A lot has happened in these last weeks and I'm happy to report that I have now settled into my new house - or should I say mud mansion - here in Iboni, a village among the Lopit people group.
Then I said, "It's all over! I am doomed, for I am a sinful man. I have filthy lips, and I live among a people with filthy lips. Yet I have seen the King, the Lord of Heaven's Armies." Then I heard the Lord asking, "Whom should I send as a messenger to this people? Who will go for us?" I said, "Here I am. Send me." (Isaiah 6:5+8, NLT)
I read this passage this week and it touched me once again. If you open your eyes, you see sin everywhere. Deceit, envy, anger, injustice, sleeping around, ... We live among sinful people, in the West just as much as here in Lopit. But as Isaiah says it powerfully, we are no better. "I am a sinful man." The transformation Isaiah experiences is what we are dreaming of here among the Lopit. A few people who are so touched by God's forgiveness, that they would say, "Here I am, send me as a messenger to my own people." What about you? Are you a messenger to your community?
Mong, mong, mong
After almost a month of different maintenance trips and practical work here and there, as well as an impactful missionary gathering, I was finally able to move to my new house in Iboni. Or should I say mud mansion? I feel very blessed to have a big garden for myself. But back to the beginning. After arrival on the airstrip, we called 15 women from the village to help us carry all my belongings to my house (1.5 km). It was quite a picture to see all my stuff being carried on many heads and I'm so thankful for this community. My house was completely empty and so for the last 3 weeks, I spent a lot of time setting everything up. Building a shade place in my yard (as life in Africa happens outside and I don't have a shade tree), installing solar, putting together a kitchen and unpacking all my things. I really like how it turned out and feel very much at home already.
"Mong" is the greeting in Lopit which can be repeated as often as you feel like. (Some go on for minutes) It's always a bit overwhelming first to learn a new language, but after 3 weeks I see some progress and can understand more and more. I especially love the local names as they all have meanings. My local name would be "Ohisa" which means "first born boy". As I have 2 older sisters. I'm the first born bov. It's really fun to now introduce myself as Matthias Ohisa :)

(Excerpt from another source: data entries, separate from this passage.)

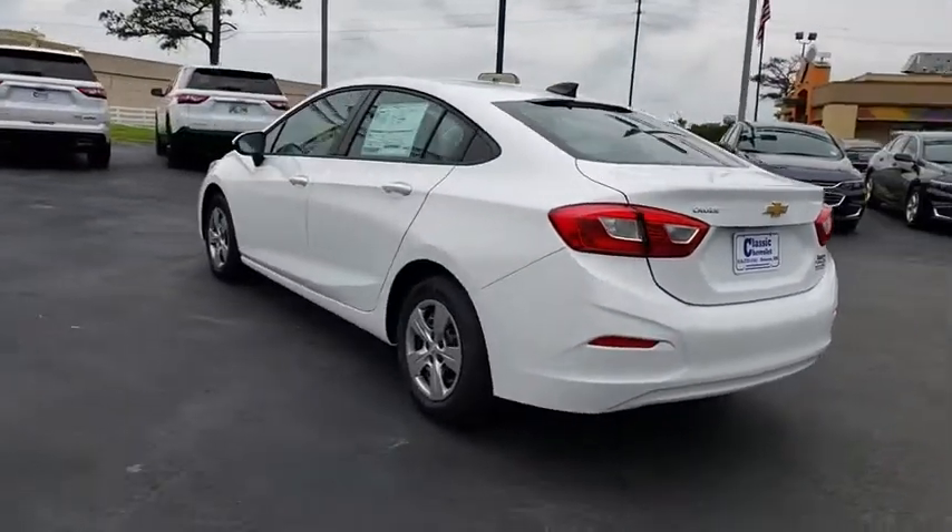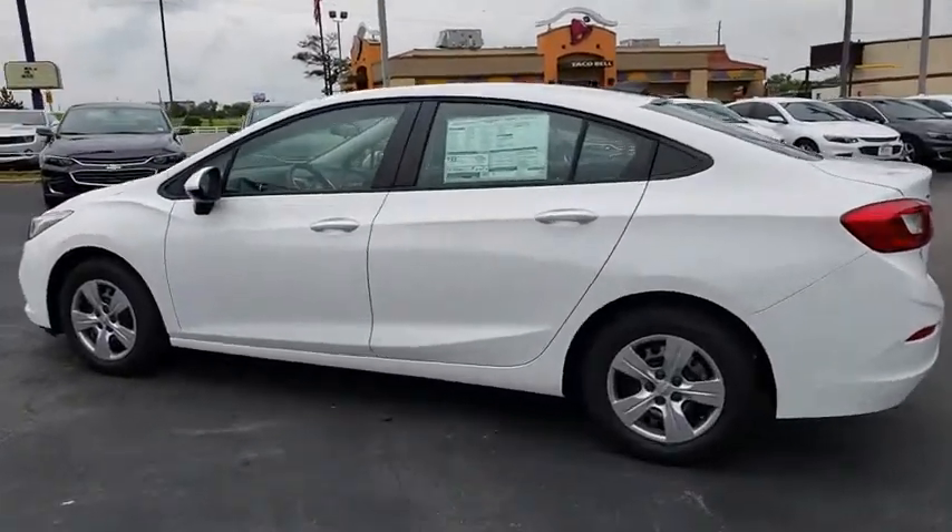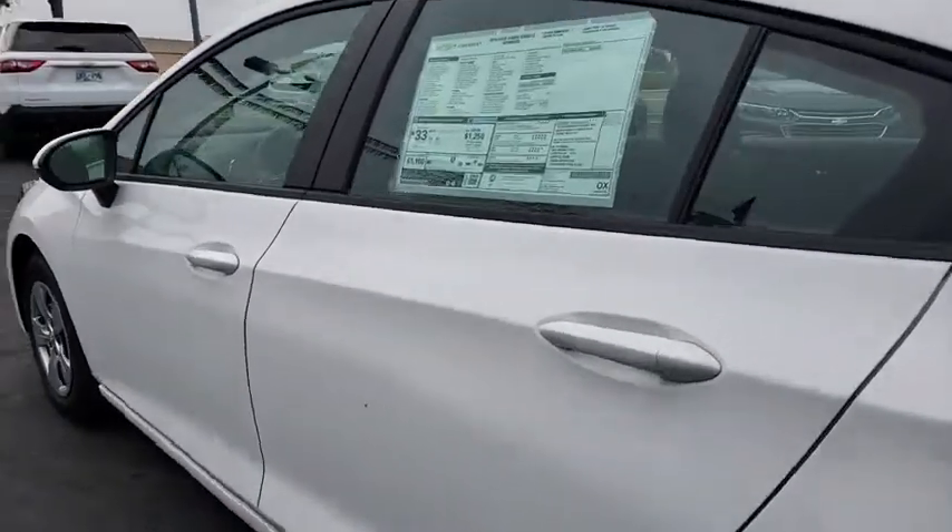AM FM stereo radio, front wheel drive, rear defrost, power windows, bucket seats, MP3 player, power door locks, security system, passenger airbag.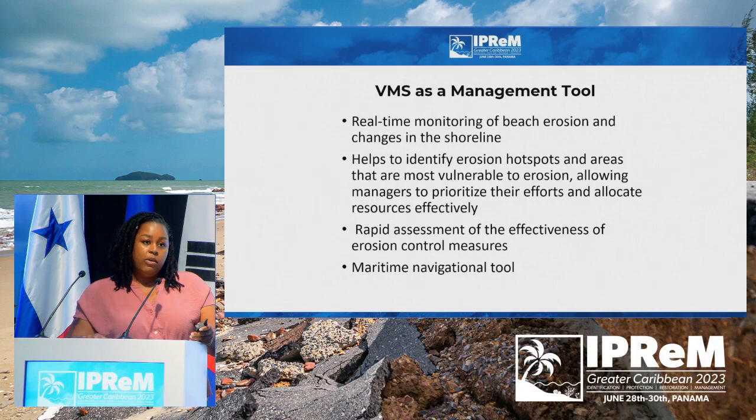Some of the benefits we've experienced so far: using the video monitoring system, we're able to collect real-time data of beach erosion. It helps identify our beach erosion hotspots and areas that are most vulnerable, allowing us to act fast and prioritize resources in specific areas of the beach. It also gives us the opportunity to assess the effects of any control measures we may put in as a short-term or emergency intervention. And because the tower has a navigation beacon on top, many of the fisherfolk have said they're very grateful for that light because it guides them home.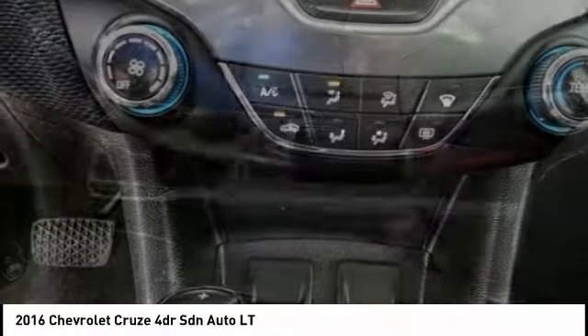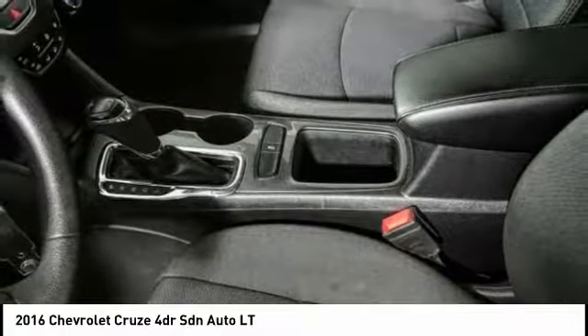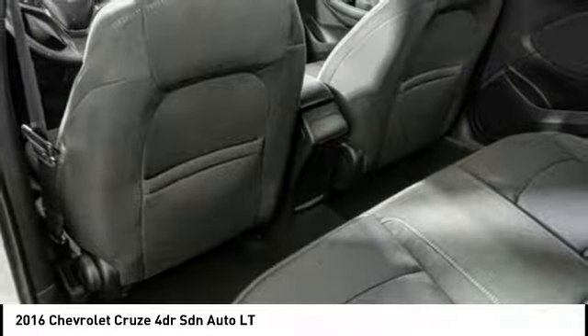If affordable style and reliability are what you're looking for, this vehicle couldn't be more perfect. Drive it today.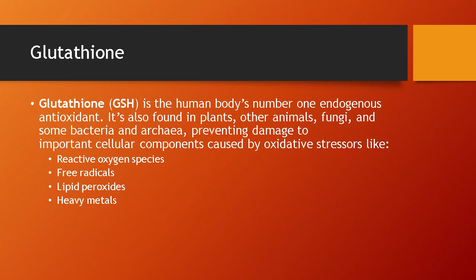Glutathione is our body's number one endogenous antioxidant. We can get antioxidants from our food, but our body makes several antioxidants and this is the most important one. Glutathione is found in every cell in our body and works around the clock to scavenge free radicals, prevent lipid peroxidation, detox heavy metals, and quench reactive oxygen species, among other things.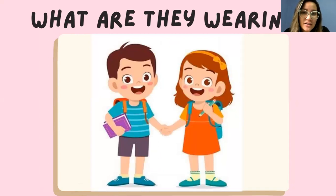Let's start with the boy. He is wearing a blue t-shirt, blue shorts, and also blue shoes. So we can see the boy likes the color blue! And what is the girl wearing? She is wearing an orange dress.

Other than settling in and learning language, I got to help my neighbor in the garden, attend Bible Studies and see how we do that, carry a sick person to the next hospital on my bike, spend a week with 3 older men (home stay) to see what they are doing (lots of crafts), build relationships, practice reading the Bible with 2 teenagers and go to 2 funerals. Life here is definitely hard. We've had some good rains this month, but that's still not enough. Food is limited and people are suffering. And we've seen 2 big funerals. But nonetheless, I love this community and I love village life.
Giving and receiving
We received a request from our neighboring village to carry a person with a snake bite to the next hospital for treatment. After discussing with the team, I went with my bike to visit the person and have a look at the injury. It was swollen and hasn't gone better in 2 days, so for me it was clear: I need to bring him to the hospital. After negotiating a chicken as a contribution to gas and praying for him and his family, I went on a journey. The roads are bad Potholes, mud, puddles and rocks. I tried to be very careful because of his leg, but in the mud, my bike slipped and I had to lay the bike down. Luckily nothing happened and I only melted my pants on the hot engine. After 1.5h ride (23 km), we arrived safely at the hospital. He was taken in and treated immediately. Thank you Lord! At the hospital I met some good friends from different villages in even from Torit (town). I was then requested to carry a lady back to the village center because she could hardly walk. She was very thankful for the ride. Arriving in the town center, I wanted to greet a shop owner that my team mates knew. She urged me to sit down and handed me some rice and beans. It was about lunch time and I haven't eaten yet. Wow, God provides!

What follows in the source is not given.